Lucid Motors has not issued any statement since the death of Khashoggi. And CTO Peter Rawlinson might still appear at next week’s Future Investment Initiative conference, according to the Silicon Valley Business Journal, despite a growing list of people and businesses who have backed out. Arianna Huffington, Dara Khosrowshahi, Richard Branson, and Ford chairman Bill Ford have all said they won’t go, and CNN, The New York Times, Bloomberg, Financial Times, CNBC, and Fox Business have dropped out as media partners. When asked whether Rawlinson still plans to attend, a spokesperson for Lucid Motors said “we have no comment.”
“Without the PIF, there will be no SoftBank vision fund.”
Meanwhile, the Vision Fund’s investments in Silicon Valley aren’t technically coming directly from Saudi Arabia. But the nation’s 45 percent stake gives it a lot of sway, and makes it hard for companies to distance themselves, should they want to. “We are the creators of SoftBank vision fund,” bin Salman said in a recent Bloomberg interview. “Without the PIF, there will be no SoftBank Vision Fund.”
Cruise Automation, the self-driving car company that General Motors bought in 2016, is one of the highest-profile Vision Fund investments after Uber. It received a $2.25 billion promise from the SoftBank Vision Fund earlier this year. (A representative for Cruise did not respond to a request for comment.) The Vision Fund also owns a $5 billion stake in Nvidia, which has become a huge player in the automotive industry thanks to its advanced suite of self-driving chips — though that investment originally came from SoftBank itself and was later transferred to the Vision Fund after the fact, which the company pointed out in a statement to The Verge.

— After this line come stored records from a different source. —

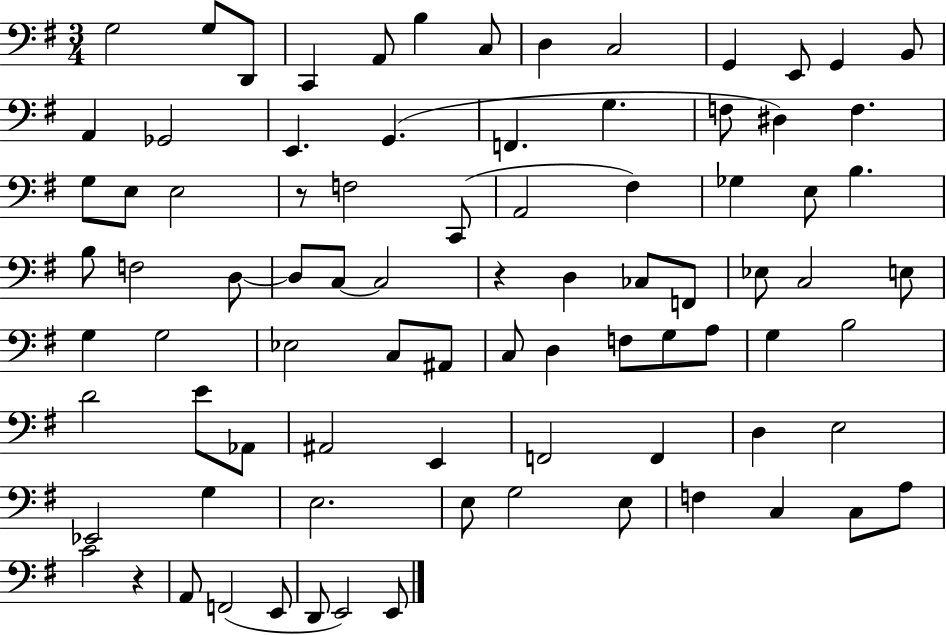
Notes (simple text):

G3/h G3/e D2/e C2/q A2/e B3/q C3/e D3/q C3/h G2/q E2/e G2/q B2/e A2/q Gb2/h E2/q. G2/q. F2/q. G3/q. F3/e D#3/q F3/q. G3/e E3/e E3/h R/e F3/h C2/e A2/h F#3/q Gb3/q E3/e B3/q. B3/e F3/h D3/e D3/e C3/e C3/h R/q D3/q CES3/e F2/e Eb3/e C3/h E3/e G3/q G3/h Eb3/h C3/e A#2/e C3/e D3/q F3/e G3/e A3/e G3/q B3/h D4/h E4/e Ab2/e A#2/h E2/q F2/h F2/q D3/q E3/h Eb2/h G3/q E3/h. E3/e G3/h E3/e F3/q C3/q C3/e A3/e C4/h R/q A2/e F2/h E2/e D2/e E2/h E2/e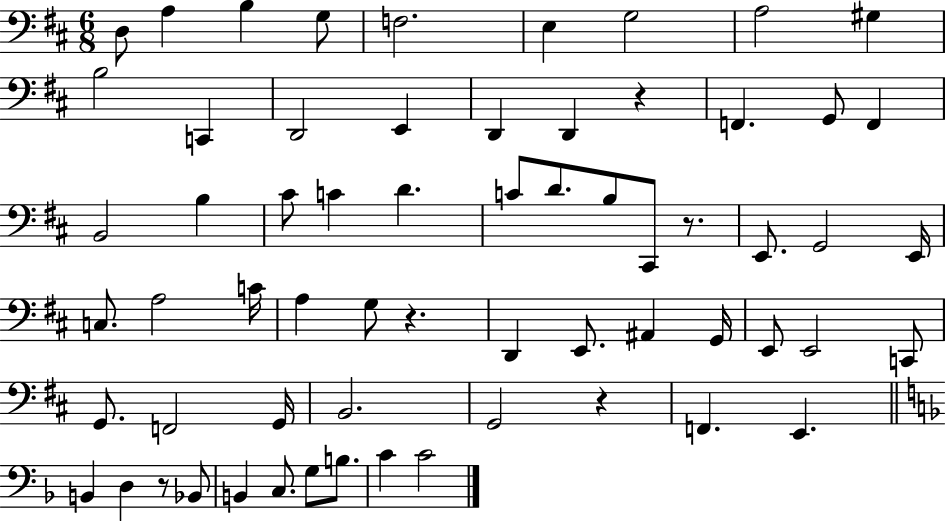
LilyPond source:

{
  \clef bass
  \numericTimeSignature
  \time 6/8
  \key d \major
  d8 a4 b4 g8 | f2. | e4 g2 | a2 gis4 | \break b2 c,4 | d,2 e,4 | d,4 d,4 r4 | f,4. g,8 f,4 | \break b,2 b4 | cis'8 c'4 d'4. | c'8 d'8. b8 cis,8 r8. | e,8. g,2 e,16 | \break c8. a2 c'16 | a4 g8 r4. | d,4 e,8. ais,4 g,16 | e,8 e,2 c,8 | \break g,8. f,2 g,16 | b,2. | g,2 r4 | f,4. e,4. | \break \bar "||" \break \key f \major b,4 d4 r8 bes,8 | b,4 c8. g8 b8. | c'4 c'2 | \bar "|."
}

In that same interview, bin Salman said he planned to commit a similar amount of money to the next SoftBank Vision Fund. But SoftBank has already distanced itself — albeit slightly — from Saudi Arabia after Khashoggi’s murder. SoftBank’s chief operating officer said at a conference in California on Thursday that “there is no certainty” a second Vision Fund will be launched, adding that the company is “anxiously looking at what is happening” with regards to Khashoggi’s death.

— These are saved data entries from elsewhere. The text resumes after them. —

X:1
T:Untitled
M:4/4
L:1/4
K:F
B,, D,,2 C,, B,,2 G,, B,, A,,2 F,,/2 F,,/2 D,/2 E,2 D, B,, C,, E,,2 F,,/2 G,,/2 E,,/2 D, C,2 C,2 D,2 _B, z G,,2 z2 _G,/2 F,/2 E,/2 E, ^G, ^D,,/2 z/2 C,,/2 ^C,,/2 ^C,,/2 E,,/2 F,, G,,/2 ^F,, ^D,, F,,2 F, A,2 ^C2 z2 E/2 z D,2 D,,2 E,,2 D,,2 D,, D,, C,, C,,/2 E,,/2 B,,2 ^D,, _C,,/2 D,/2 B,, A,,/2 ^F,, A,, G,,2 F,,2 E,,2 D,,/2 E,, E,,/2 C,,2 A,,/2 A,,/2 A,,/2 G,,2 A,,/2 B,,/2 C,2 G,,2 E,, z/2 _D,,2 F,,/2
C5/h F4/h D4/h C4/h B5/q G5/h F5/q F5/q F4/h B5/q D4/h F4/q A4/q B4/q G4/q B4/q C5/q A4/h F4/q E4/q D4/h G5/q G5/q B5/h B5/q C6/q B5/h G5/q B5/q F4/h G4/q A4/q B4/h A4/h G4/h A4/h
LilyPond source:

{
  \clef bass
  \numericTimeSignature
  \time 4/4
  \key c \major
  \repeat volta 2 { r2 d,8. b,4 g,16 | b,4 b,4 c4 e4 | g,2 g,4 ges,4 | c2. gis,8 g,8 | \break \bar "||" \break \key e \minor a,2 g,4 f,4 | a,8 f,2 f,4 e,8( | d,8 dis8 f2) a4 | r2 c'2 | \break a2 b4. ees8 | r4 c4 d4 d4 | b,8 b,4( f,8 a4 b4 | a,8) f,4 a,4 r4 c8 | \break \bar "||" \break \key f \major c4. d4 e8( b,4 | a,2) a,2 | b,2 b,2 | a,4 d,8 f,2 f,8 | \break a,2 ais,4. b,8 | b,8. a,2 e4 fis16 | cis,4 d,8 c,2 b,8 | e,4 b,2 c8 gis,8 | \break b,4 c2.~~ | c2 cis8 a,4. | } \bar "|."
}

Working with potentially tainted money, Cordesman says, is “business as usual in a good part of the developing world.” The gruesome details of Khashoggi’s murder, and the way that Turkey has seemingly fanned the flames despite its own wretched human rights record, have elevated the story to an international level. But despite Saudi Arabia’s wealth, size, and strategic importance, Cordesman says, the country’s past human rights transgressions have not interfered with high-value investments, and there’s no reason to think it will change this time around. “It’s not an issue normally where something like this has a lasting impact. People ride out the crest of publicity and business tends to go on as usual,” he says.

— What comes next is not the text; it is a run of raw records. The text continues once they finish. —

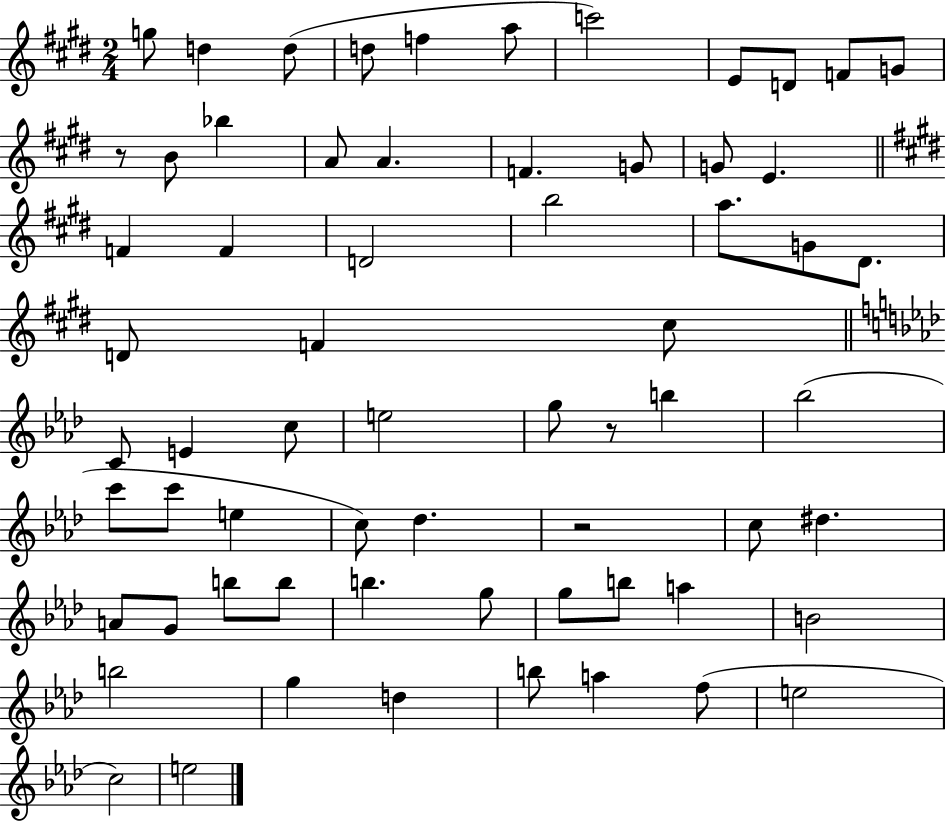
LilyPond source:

{
  \clef treble
  \numericTimeSignature
  \time 2/4
  \key e \major
  g''8 d''4 d''8( | d''8 f''4 a''8 | c'''2) | e'8 d'8 f'8 g'8 | \break r8 b'8 bes''4 | a'8 a'4. | f'4. g'8 | g'8 e'4. | \break \bar "||" \break \key e \major f'4 f'4 | d'2 | b''2 | a''8. g'8 dis'8. | \break d'8 f'4 cis''8 | \bar "||" \break \key aes \major c'8 e'4 c''8 | e''2 | g''8 r8 b''4 | bes''2( | \break c'''8 c'''8 e''4 | c''8) des''4. | r2 | c''8 dis''4. | \break a'8 g'8 b''8 b''8 | b''4. g''8 | g''8 b''8 a''4 | b'2 | \break b''2 | g''4 d''4 | b''8 a''4 f''8( | e''2 | \break c''2) | e''2 | \bar "|."
}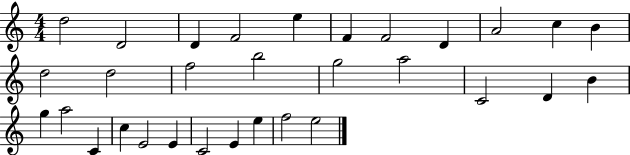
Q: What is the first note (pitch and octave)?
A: D5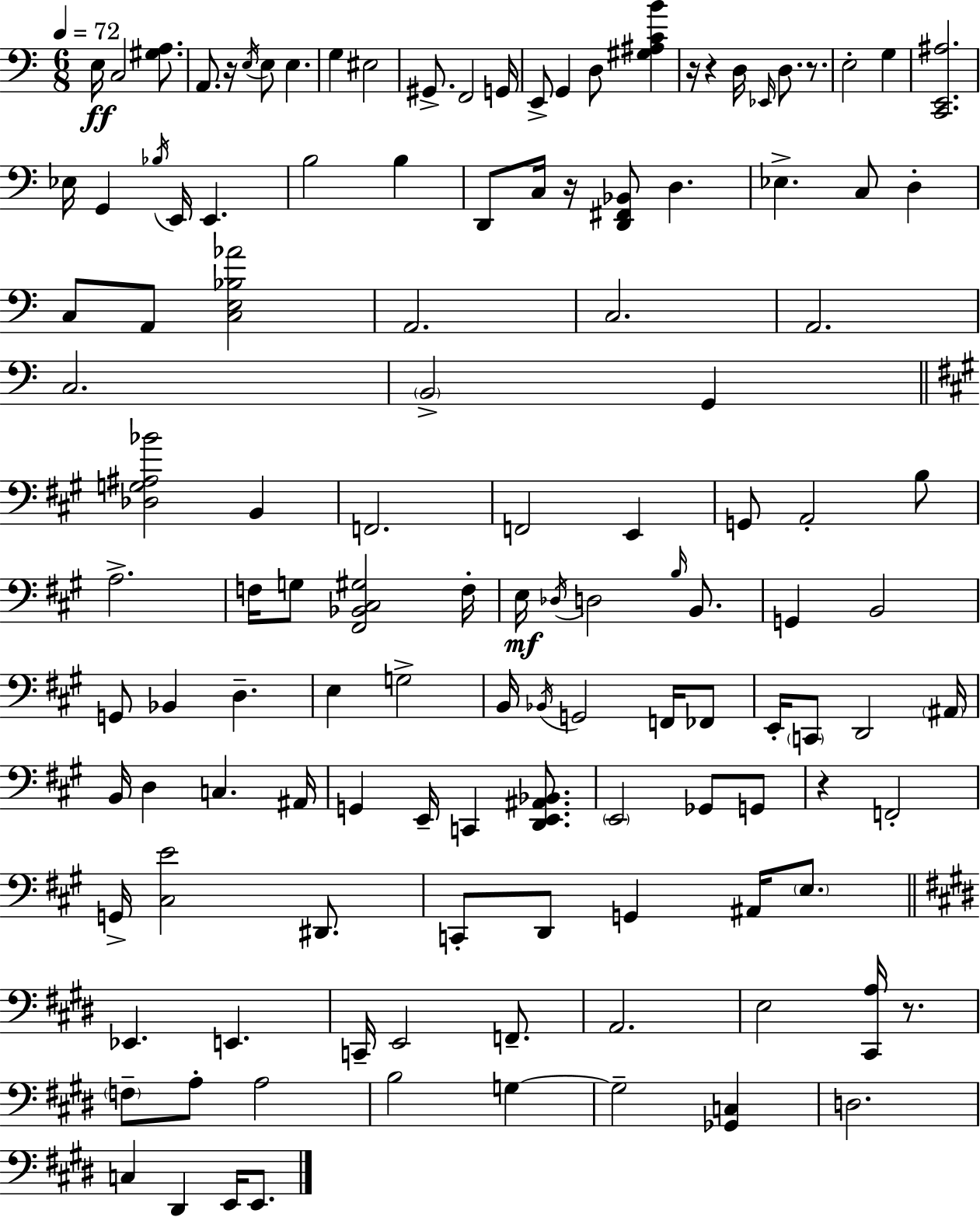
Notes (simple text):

E3/s C3/h [G#3,A3]/e. A2/e. R/s E3/s E3/e E3/q. G3/q EIS3/h G#2/e. F2/h G2/s E2/e G2/q D3/e [G#3,A#3,C4,B4]/q R/s R/q D3/s Eb2/s D3/e. R/e. E3/h G3/q [C2,E2,A#3]/h. Eb3/s G2/q Bb3/s E2/s E2/q. B3/h B3/q D2/e C3/s R/s [D2,F#2,Bb2]/e D3/q. Eb3/q. C3/e D3/q C3/e A2/e [C3,E3,Bb3,Ab4]/h A2/h. C3/h. A2/h. C3/h. B2/h G2/q [Db3,G3,A#3,Bb4]/h B2/q F2/h. F2/h E2/q G2/e A2/h B3/e A3/h. F3/s G3/e [F#2,Bb2,C#3,G#3]/h F3/s E3/s Db3/s D3/h B3/s B2/e. G2/q B2/h G2/e Bb2/q D3/q. E3/q G3/h B2/s Bb2/s G2/h F2/s FES2/e E2/s C2/e D2/h A#2/s B2/s D3/q C3/q. A#2/s G2/q E2/s C2/q [D2,E2,A#2,Bb2]/e. E2/h Gb2/e G2/e R/q F2/h G2/s [C#3,E4]/h D#2/e. C2/e D2/e G2/q A#2/s E3/e. Eb2/q. E2/q. C2/s E2/h F2/e. A2/h. E3/h [C#2,A3]/s R/e. F3/e A3/e A3/h B3/h G3/q G3/h [Gb2,C3]/q D3/h. C3/q D#2/q E2/s E2/e.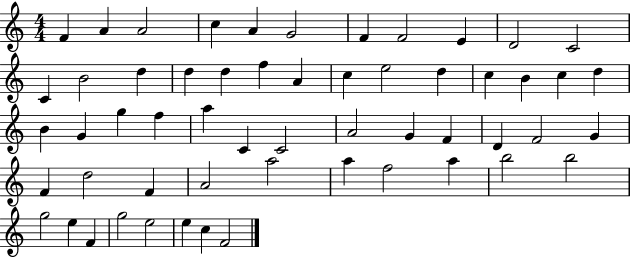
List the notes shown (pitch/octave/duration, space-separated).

F4/q A4/q A4/h C5/q A4/q G4/h F4/q F4/h E4/q D4/h C4/h C4/q B4/h D5/q D5/q D5/q F5/q A4/q C5/q E5/h D5/q C5/q B4/q C5/q D5/q B4/q G4/q G5/q F5/q A5/q C4/q C4/h A4/h G4/q F4/q D4/q F4/h G4/q F4/q D5/h F4/q A4/h A5/h A5/q F5/h A5/q B5/h B5/h G5/h E5/q F4/q G5/h E5/h E5/q C5/q F4/h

The fervent pace of investment from the Saudi PIF and SoftBank Vision Fund has also propped up the valuations of many of these companies, and at the same time made it hard for more traditional funding sources (like venture capital firms) to keep up. With companies like Uber now facing a potential $120 billion public offering, thanks in no small part to the money it’s received from Saudi Arabia, turning back now — even in the name of human rights — would mean sacrificing what Silicon Valley values most: growth.